While they were more positive about Obama’s plan to spend as much as $140 billion on roads, schools and other infrastructure, many economists do not expect the plan to jump-start an economy teetering on the edge of a double-dip recession.
UC Berkeley economist and former Clinton administration Labor Secretary Robert Reich wrote on his blog that the plan correctly identifies the problem as growth and jobs, not deficits, but “isn’t nearly large enough or bold enough to make a major dent in unemployment or to restart the economy.”
Michael Boskin, a top economist in the George H.W. Bush administration now at the conservative Hoover Institution at Stanford University, said that while the plan as a whole “might generate a small amount of job creation, the costs would be several hundred thousand dollars per job.”
Although he favored a payroll tax cut in late 2008 when companies were laying off millions of workers, Boskin said it would be less effective now to draw the jobless back to work.
“It would be much better to have permanent, predictable policy,” Boskin said. “There’s so much uncertainty, so much fear of more taxes and more regulations in the future, that fixing that would be much better than temporary Band-Aids.”
The “American Jobs Act” is more than half the size of Obama’s 2009 stimulus. Hoping the plan will shore up support among moderates, Obama set out to sell it in the battleground states of Virginia, Florida, Ohio and North Carolina.
He also pleased disenchanted Democratic liberals, sending House Minority Leader Nancy Pelosi, D-San Francisco, reaching for sports analogies: “Touchdown, an ace serve, in the spirit of the season, a home run, out of the park, tenth strike if you bowl,” she said.
Pelosi cited estimates by economist Mark Zandi that the plan could create 1.9 million jobs next year, and increase growth in gross domestic product to as much as 4.5 percent next year. Economic growth slowed to a crawl of just 1.0 percent in the second quarter.
Donald Marron, director of the nonpartisan Tax Policy Center who served in the George W. Bush administration, said he has grown humble about models such as Zandi’s predicting a big jolt from the Obama plan.
GOP’s softer response
“But given how weak the economy is,” he said, “it seems like the right thing to do.”
The plan will not be enacted as written with the House under GOP control, but Republican leaders offered an unusually conciliatory response after an August spent listening to fearful constituents.
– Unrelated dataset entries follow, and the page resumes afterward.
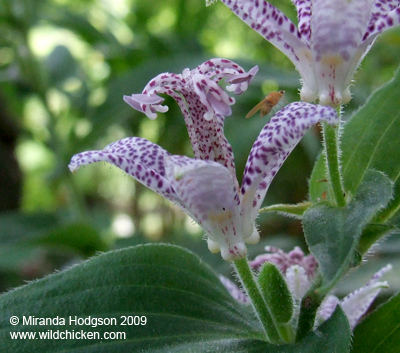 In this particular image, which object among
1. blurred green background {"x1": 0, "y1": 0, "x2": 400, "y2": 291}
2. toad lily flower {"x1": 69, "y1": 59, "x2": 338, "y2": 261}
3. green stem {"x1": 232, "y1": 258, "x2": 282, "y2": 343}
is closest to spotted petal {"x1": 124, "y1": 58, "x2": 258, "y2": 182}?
toad lily flower {"x1": 69, "y1": 59, "x2": 338, "y2": 261}

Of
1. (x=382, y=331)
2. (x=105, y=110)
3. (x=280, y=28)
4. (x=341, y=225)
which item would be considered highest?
(x=280, y=28)

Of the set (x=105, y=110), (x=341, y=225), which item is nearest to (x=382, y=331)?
(x=341, y=225)

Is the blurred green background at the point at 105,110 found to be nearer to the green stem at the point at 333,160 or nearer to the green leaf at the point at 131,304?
the green stem at the point at 333,160

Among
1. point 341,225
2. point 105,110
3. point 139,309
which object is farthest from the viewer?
point 105,110

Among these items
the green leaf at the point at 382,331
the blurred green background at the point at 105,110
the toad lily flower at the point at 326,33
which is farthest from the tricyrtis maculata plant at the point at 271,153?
the blurred green background at the point at 105,110

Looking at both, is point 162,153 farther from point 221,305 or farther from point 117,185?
point 117,185

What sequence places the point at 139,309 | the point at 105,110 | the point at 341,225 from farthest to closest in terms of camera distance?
the point at 105,110
the point at 139,309
the point at 341,225

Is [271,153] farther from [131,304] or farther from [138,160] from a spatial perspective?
[131,304]

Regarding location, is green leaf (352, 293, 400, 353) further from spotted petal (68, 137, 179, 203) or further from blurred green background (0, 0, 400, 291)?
blurred green background (0, 0, 400, 291)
GOP leaders quickly began negotiating for relaxation of regulations and enactment of stalled trade deals with Colombia, Panama and South Korea, part of their growth prescription along with lower taxes and deficits.
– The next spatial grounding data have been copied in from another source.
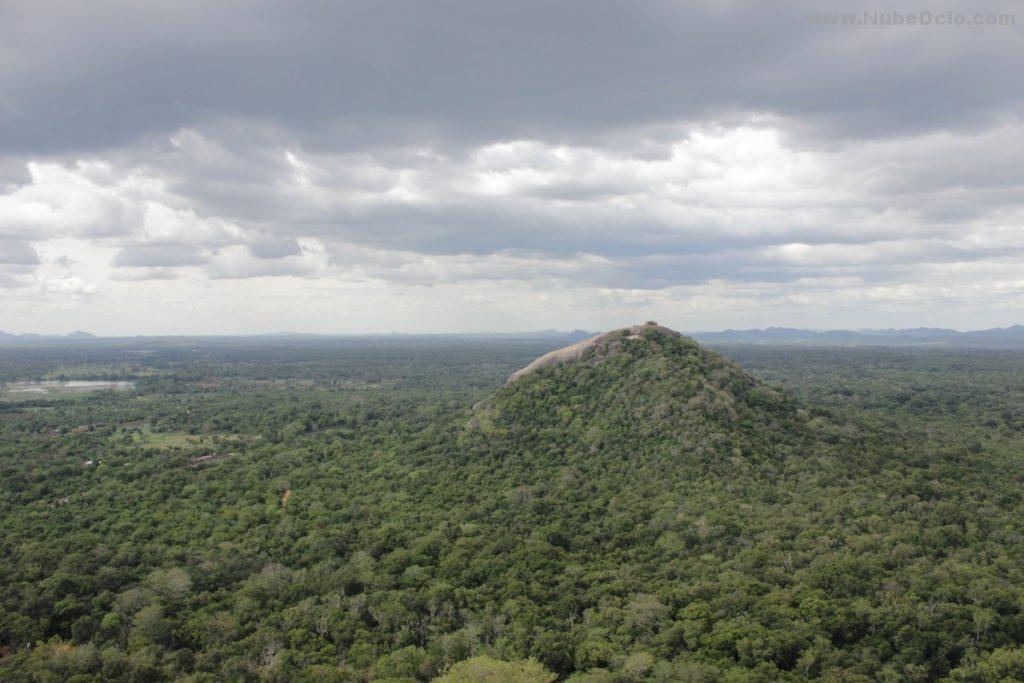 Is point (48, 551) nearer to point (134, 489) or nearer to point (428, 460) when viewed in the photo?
point (134, 489)

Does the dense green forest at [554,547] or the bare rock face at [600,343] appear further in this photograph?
the bare rock face at [600,343]

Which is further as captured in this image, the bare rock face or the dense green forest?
the bare rock face

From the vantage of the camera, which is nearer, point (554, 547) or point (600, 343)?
point (554, 547)

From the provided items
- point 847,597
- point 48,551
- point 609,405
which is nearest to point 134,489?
point 48,551

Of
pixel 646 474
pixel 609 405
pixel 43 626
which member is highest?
pixel 609 405

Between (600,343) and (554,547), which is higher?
(600,343)

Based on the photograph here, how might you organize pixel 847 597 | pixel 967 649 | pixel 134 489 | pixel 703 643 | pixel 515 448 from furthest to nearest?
pixel 515 448
pixel 134 489
pixel 847 597
pixel 703 643
pixel 967 649

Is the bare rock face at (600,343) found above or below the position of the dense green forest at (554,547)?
above

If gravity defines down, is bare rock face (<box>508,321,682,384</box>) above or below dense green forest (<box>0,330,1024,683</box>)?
above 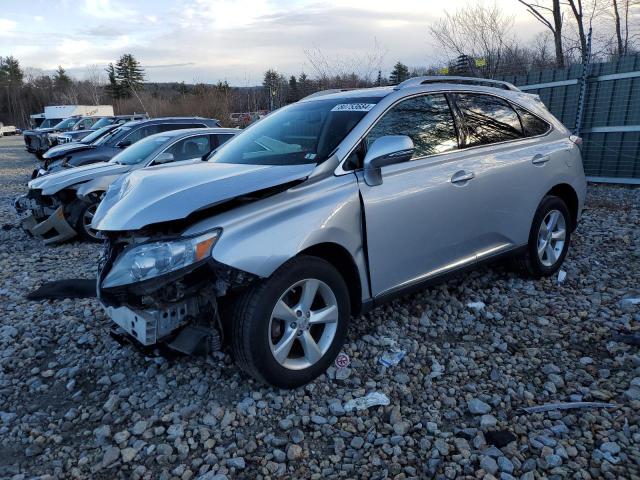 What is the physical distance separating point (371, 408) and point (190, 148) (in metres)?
5.85

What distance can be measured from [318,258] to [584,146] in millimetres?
8880

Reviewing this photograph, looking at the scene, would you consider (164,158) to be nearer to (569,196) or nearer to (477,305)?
(477,305)

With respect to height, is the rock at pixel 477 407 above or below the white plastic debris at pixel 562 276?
below

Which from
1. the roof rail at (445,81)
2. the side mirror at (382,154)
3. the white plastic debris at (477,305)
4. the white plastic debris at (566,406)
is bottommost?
the white plastic debris at (566,406)

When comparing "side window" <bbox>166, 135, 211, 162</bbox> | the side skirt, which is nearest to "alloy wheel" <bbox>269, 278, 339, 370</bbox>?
the side skirt

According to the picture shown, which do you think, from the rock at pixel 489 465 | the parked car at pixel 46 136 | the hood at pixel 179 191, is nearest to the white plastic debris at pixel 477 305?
the rock at pixel 489 465

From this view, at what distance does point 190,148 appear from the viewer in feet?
25.1

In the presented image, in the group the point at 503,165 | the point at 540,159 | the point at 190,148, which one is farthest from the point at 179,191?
the point at 190,148

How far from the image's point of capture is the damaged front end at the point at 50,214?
21.5 feet

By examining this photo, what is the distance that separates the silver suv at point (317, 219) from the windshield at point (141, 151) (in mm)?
3706

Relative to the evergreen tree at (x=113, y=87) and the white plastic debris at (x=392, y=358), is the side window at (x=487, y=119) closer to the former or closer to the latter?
the white plastic debris at (x=392, y=358)

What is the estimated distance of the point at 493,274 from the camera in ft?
15.8

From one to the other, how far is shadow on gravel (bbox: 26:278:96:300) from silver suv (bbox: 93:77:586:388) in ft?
5.80

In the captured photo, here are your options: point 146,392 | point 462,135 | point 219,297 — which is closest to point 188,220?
point 219,297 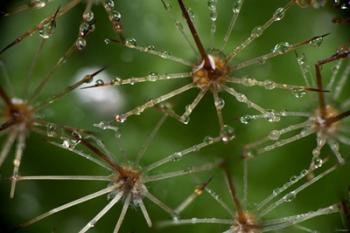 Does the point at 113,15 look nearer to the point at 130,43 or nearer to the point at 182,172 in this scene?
the point at 130,43

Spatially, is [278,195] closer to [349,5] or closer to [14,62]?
[349,5]

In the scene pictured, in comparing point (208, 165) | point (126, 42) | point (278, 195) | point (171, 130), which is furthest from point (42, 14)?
point (278, 195)

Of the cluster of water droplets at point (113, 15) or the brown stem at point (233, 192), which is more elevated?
the cluster of water droplets at point (113, 15)

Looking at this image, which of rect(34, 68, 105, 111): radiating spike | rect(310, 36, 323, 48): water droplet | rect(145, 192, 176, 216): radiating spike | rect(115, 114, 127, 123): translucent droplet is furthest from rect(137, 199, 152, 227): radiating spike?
rect(310, 36, 323, 48): water droplet

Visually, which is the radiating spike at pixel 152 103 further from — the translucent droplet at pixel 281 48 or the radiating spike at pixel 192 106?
the translucent droplet at pixel 281 48

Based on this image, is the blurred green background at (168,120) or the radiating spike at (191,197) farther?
the blurred green background at (168,120)

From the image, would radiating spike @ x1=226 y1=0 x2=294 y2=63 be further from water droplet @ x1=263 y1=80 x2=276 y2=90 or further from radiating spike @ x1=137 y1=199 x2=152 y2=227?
radiating spike @ x1=137 y1=199 x2=152 y2=227

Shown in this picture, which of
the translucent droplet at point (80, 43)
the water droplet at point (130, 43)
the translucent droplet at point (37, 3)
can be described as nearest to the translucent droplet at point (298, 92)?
the water droplet at point (130, 43)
The Obama plan would cut in half the worker portion of the payroll tax, expanding a temporary reduction set to expire. Savings for a California family earning $56,000 a year would be $1,740, Democrats said. The plan would also halve the employer portion of the tax for the first $5 million in payroll.
Among other incentives, companies that hire a long-term unemployed worker would get a $4,000 tax credit. The tax cuts and hiring incentives make up an estimated 57 percent of the plan.
One problem with temporary tax cuts, however, is that they are temporary.
“If you look at the experience both under Bush and Obama, temporary tax breaks were advertised to stimulate consumption, but there is really no question whatsoever that they did not,” said UCLA economist Lee Ohanian. “People pocketed that money, which is fine, but they certainly didn’t work as advertised.”
Payroll tax cuts may encourage some companies to hire new workers but the cuts also go to employers who do not add jobs or who were planning to anyway, and so are quite costly per job created.